WHAT THE TASK ASKS: Your output should be everything below from the line containing "Raw Pietersite necklace in Copper close up" down to the line containing "Vetor desenho vetorial", both ends included, copied exactly, with pictures left out.

WORKING DATA:
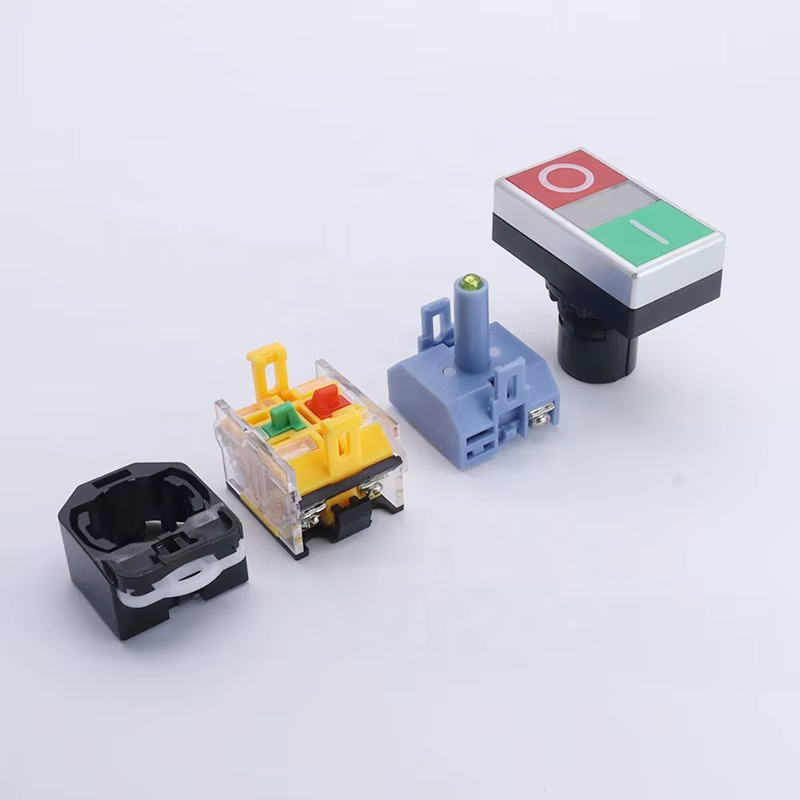 ON-OFF Double Push-Button Momentary Switch 22mm PLA38 with LED Light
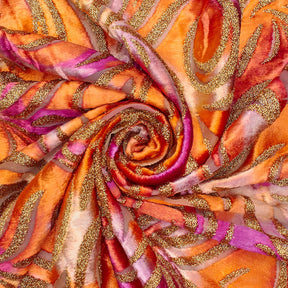 Geometric Metallic Velvet Burnout On Mesh Fabric SV580743 Crimson Sunrise A2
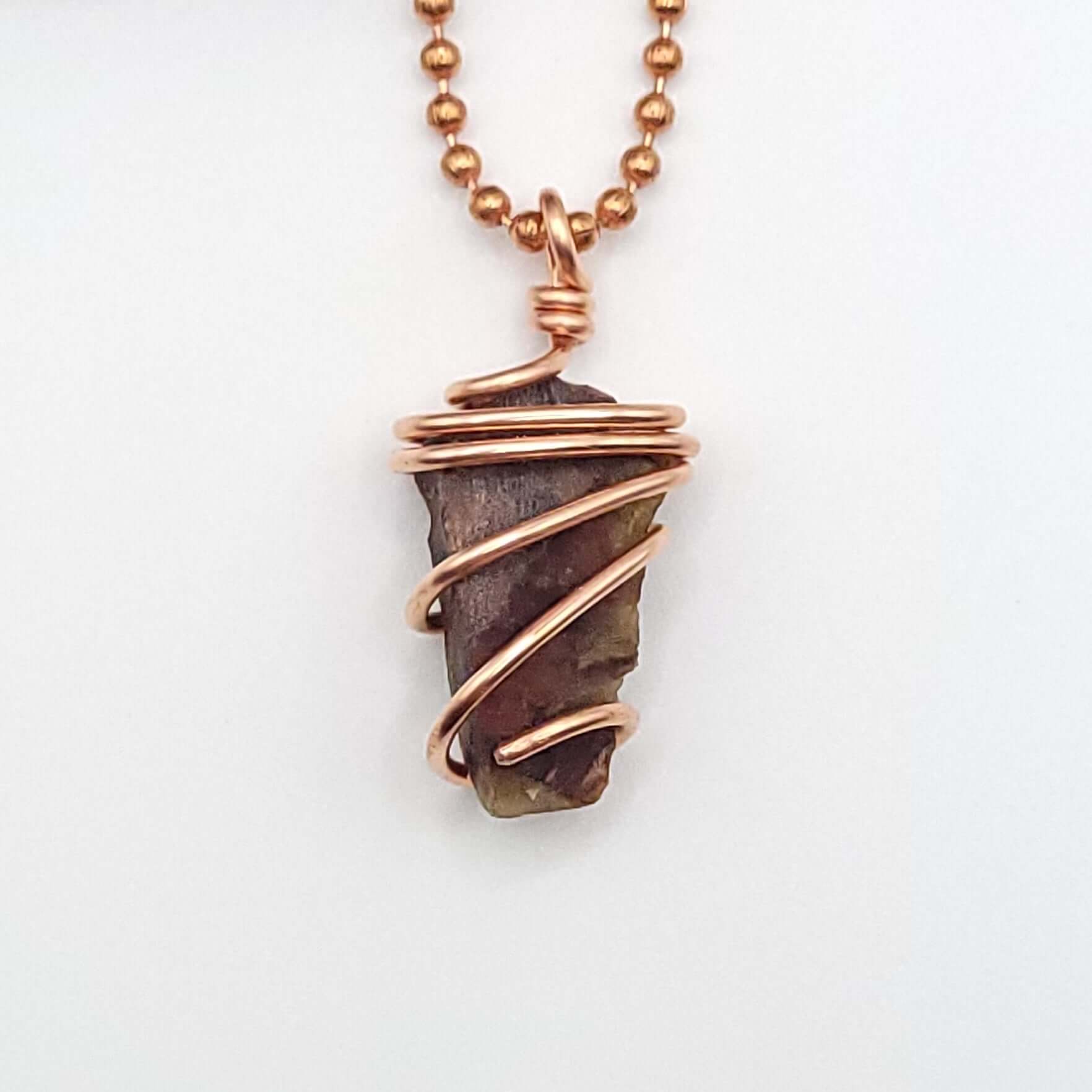 Raw Pietersite necklace in Copper close up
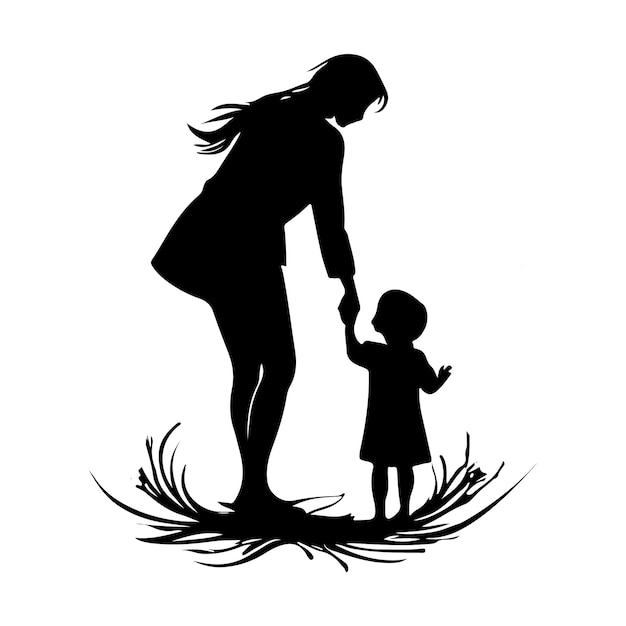 Vetor desenho vetorial de silhueta minimalista de uma mãe e filho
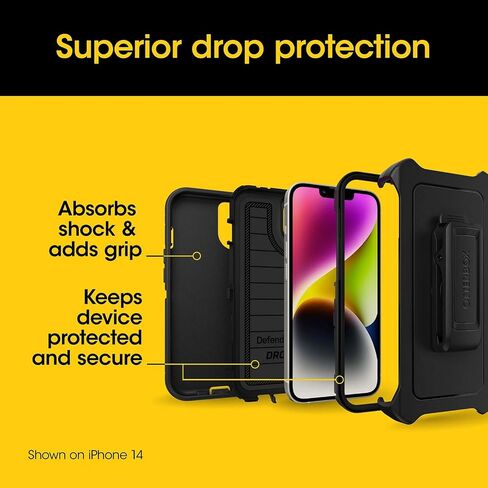 حزمة OtterBox iPhone 15 (فقط): - حافظة سلسلة Defender - أسود - مشبك الحافظة متضمن - حماية دفاعية ميكروبية - كابل USB-C إلى USB-C - عبوة غير مخصصة للبيع بالتجزئة in Saudi Arabia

EXERCISE ANSWER:
 Raw Pietersite necklace in Copper close up
 Vetor desenho vetorial de silhueta minimalista de uma mãe e filho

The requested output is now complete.